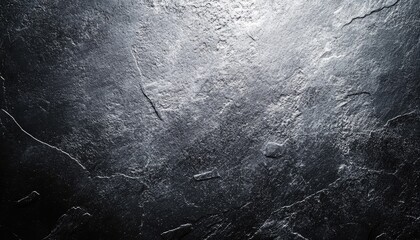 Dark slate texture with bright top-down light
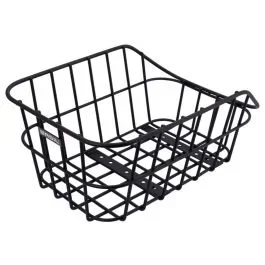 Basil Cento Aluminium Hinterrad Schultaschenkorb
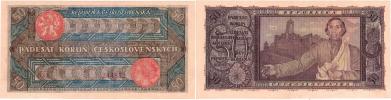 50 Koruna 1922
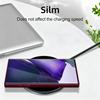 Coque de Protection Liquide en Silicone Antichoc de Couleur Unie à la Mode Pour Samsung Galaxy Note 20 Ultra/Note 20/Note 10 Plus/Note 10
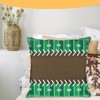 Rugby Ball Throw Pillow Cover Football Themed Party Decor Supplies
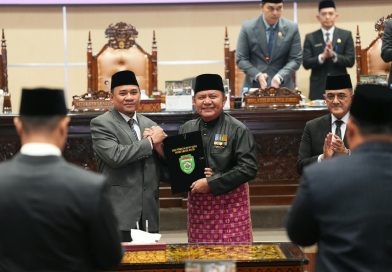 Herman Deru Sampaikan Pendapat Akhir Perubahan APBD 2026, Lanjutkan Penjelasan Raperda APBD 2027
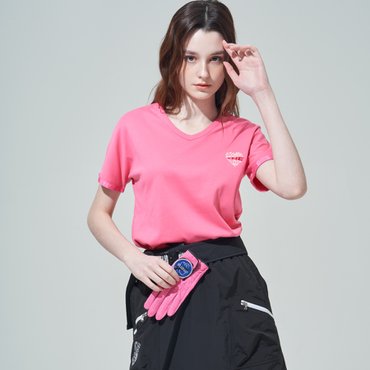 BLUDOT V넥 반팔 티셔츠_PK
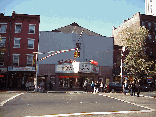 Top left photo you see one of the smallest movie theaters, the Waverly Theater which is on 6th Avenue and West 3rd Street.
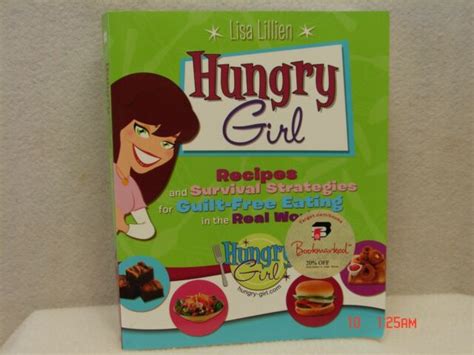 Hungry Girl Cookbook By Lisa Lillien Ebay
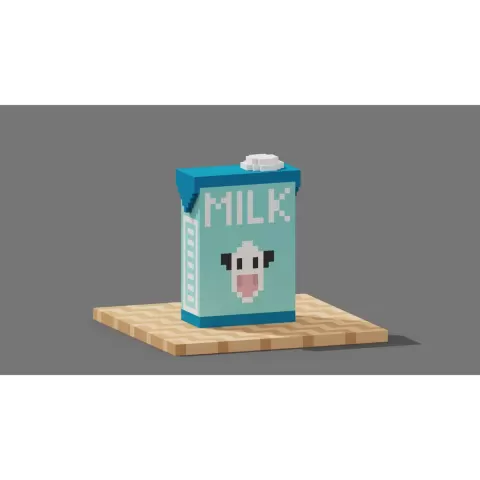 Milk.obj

■ **Exercise brief**
Every entry above should be written out again verbatim, with no pictures included.

■ **Written answer**
 Dark slate texture with bright top-down light
 Basil Cento Aluminium Hinterrad Schultaschenkorb
 50 Koruna 1922
 Coque de Protection Liquide en Silicone Antichoc de Couleur Unie à la Mode Pour Samsung Galaxy Note 20 Ultra/Note 20/Note 10 Plus/Note 10
 Rugby Ball Throw Pillow Cover Football Themed Party Decor Supplies
 Herman Deru Sampaikan Pendapat Akhir Perubahan APBD 2026, Lanjutkan Penjelasan Raperda APBD 2027
 BLUDOT V넥 반팔 티셔츠_PK
 Top left photo you see one of the smallest movie theaters, the Waverly Theater which is on 6th Avenue and West 3rd Street.
 Hungry Girl Cookbook By Lisa Lillien Ebay
 Milk.obj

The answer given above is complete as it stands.